Other things, like the tremendous views, remained the same - breathtaking as ever.
After visiting Burro Schmidt's tunnel for the zillionth time, I suggested we visit the Bickel Camp, which I had actually never stopped at before. An old time prospector who overlapped in time partially with our old friend Schmidt, he was slightly less nutty and actually mined gold and sold it, rather than digging a tunnel from nowhere to nowhere.
Gas can collection that I was intrigued by.
56 years of canned beans.
Walt himself. Quite beardy. The remainder of the day was spent trying to not get stuck in the middle of the desert, which had a surprisingly wet sandy floor that day, which was remarkably difficult for our token 2 wheel drive truck to cross.
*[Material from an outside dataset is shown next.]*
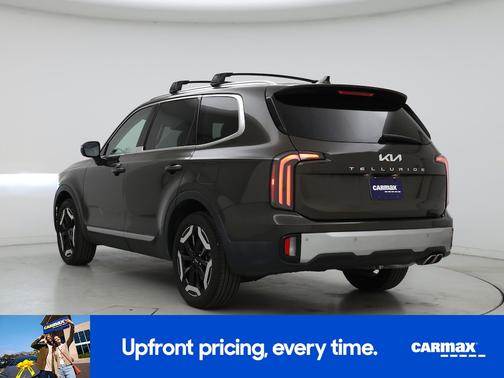 Green 2024 Kia Telluride EX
Also, the "roads" would randomly be punctuated by a cliff or ravine or massive rock or fence or something inconvenient for even Snaggletooth (the Geomobile Jeep) to navigate.
The next part of the end of year geo club adventure series (day 2) was a garnet hunt in the moutains between us and LA. This was appropriate because garrrnets are the pirate ore (yarrr). We hiked up a mountain in a cloud.
It gave pretty spectacular, spooky, fairytale-like scenery.
So did the trees.
And then it actually snowed - which, for some, was their first ever snowfall. For me, it was like "huh, it's snowing... in southern California"
Once garnet hunting was deemed a success (and garnets were found), we continued on with the non-denominational end-of-year pirate-themed geology winter party - with a dino bounce house. For me, my first time in a bounce house - YAY! Thanks to one of the geo club students (El Presidente) who actually owns it (well, her family does).
After we bounced ourselves silly and legless we retreated to dinner, which included the traditional pirate feast of "fish loaf" (a fish baked into a loaf - kalakukko - traditional recipe). Captain Bear Beard actually undertook this task (and built the elephant pinata) - and went to the extent of shaping the loaf like a fish too. It was excellent. No fish heads were included on the inside. Nor was there bacon, as one of our young pirates does not eat meat. Yarrr.
Logically there were brachiosaur and elephant cookies to be decorated & eaten (thanks Lulu for the brachiosaur cookie/pancake cutter - still comes in handy). Along with loads of other treats.
The evening culminated with games (Apples to Apples & Cranium), and a white elephant gift exchange and white elephant pirate pinata (obviously). It was necessary to use the "double eye patch" blind fold method and eventually finish it off with swords. All in all it would have been tricky to squeeze anything else in, this was one of the best multi-themed adventure-parties I have ever done. Much laughter was involved.